One of the qualities of the uneducated is holding on to beliefs that have no basis in fact. Or, holding on to a belief even after it has been shown to be untrue. I run into this commonly when trying to teach Newton's laws of motion. Nature tends to give us false clues as to what is fundamentally going on.

For example, it seems pretty obvious that it takes a force to keep something moving. If you stop peddling your bike the bike stops moving. If you take your foot of the gas the car stops. And yet, when I take away all frictional forces (on an air table for example) and ask, "What force keeps the puck moving?", consternation ensues. Words and hypothesis are bandied about until it finally dawns (as it did for Galileo and Newton) that once put in motion things keep going UNLESS a force stops them. It's our experience to almost always have some friction around that causes us to 'believe' in a different law.

To believe that all things naturally come to rest is to be slightly uneducated in physics. No big harm there but still it is what it is. To hang on to such a law in the face of examples to the contrary is to be ridiculously stubborn.

People used to think that when it lightninged and thundered that the gods were mad at them - that they were being punished for being sinful. As the work of reasonable investigators (Franklin, et. al.) proceeded, people slowly learned that lightning was a natural phenomena and disconnected from any godly intent. Well, most did.

To ignore the bushels of data and experiments that put lightning in the larger context of electrical phenomena and hang on to a godly explanation would be silly and one would just be showing their ignorance or their stubbornness.

So, how is it different when one chooses to ignore the bushels of data and experiments that confirm the general paradigm of evolution? How is this not considered just being silly and uneducated? Well it is considered just that by about anyone who has read a book about such things WITH AN OPEN MIND. If you have a personal ax to grind from the get go, well then no, you cannot be educated to see a bigger idea. You will remain uneducated.

And forced to live in Texas.

Now the closed minded theist will say that my belief in the experiment is just another religion. I choose to believe in science and he chooses to believe in a higher power. We all believe in something, right? There is a fatal flaw in that kind of thinking. The theist has no way to prove any of his assertions. His are truly pure belief or if you prefer, faith. I can have an idea and test it and people completely disconnected from me could run the same test. A theist could do it with the same results.

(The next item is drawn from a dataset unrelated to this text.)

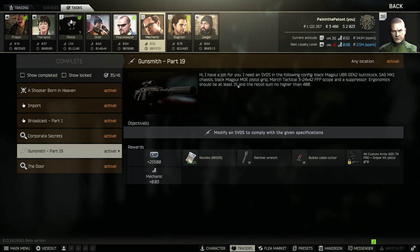For the quest requirements, ergonomics has to be at least 15 — so 15 and above — and recoil has to be no higher than 400, so 400 and below.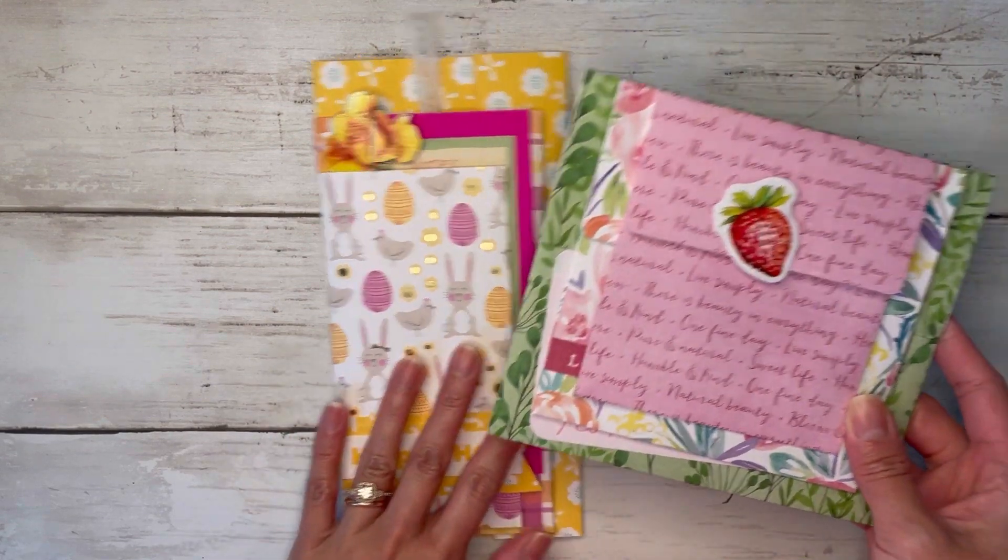By the way, a lot of the ephemera pieces are from a random ephemera pack I got at Joann's — I don't even remember the name because I threw the package out. I think that's going to complete this album today — very springy, with all these fun pockets and places to journal and write little notes. I just love projects like this — you guys know how much I love envelopes, so turning it into an album is even better. I hope you all enjoyed it. Don't forget to give this video a thumbs up, subscribe for more crafty fun, and leave me a comment down below. Happy crafting and huge hugs to all of you!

A computer could analyze the data. When the results keep coming up the same no matter who runs the test then I think we've got something that is real and independent of whether I believe in it or not.

Mixing the two has always produced failure for the theist. Controlled test of prayer. Miracles at Lourdes. Mind readers. I could go on. More importantly, it seems for most theists conducting a rational experiment with, let's say prayer, sort of 'ruins' it. They might have a feeling in the back of their minds that 'this ain't going to work'. They know that prayer is not 'of the laboratory' and yet they desperately want it to somehow work too! This is the slippery slope that all believers in magical things have to walk. On one hand you want your beliefs to be of a higher plane than this old regular, boring world. On the other hand you want your magic to actually intersect this world when it suits you. That seems unthinking to me at the best and disingenuous at the worst.

If you pray because it gets you through the night or helps you get through tough times, well ok. But please try to not take that next step where you start thinking that what works for you should work for everyone or that it should be taught in school!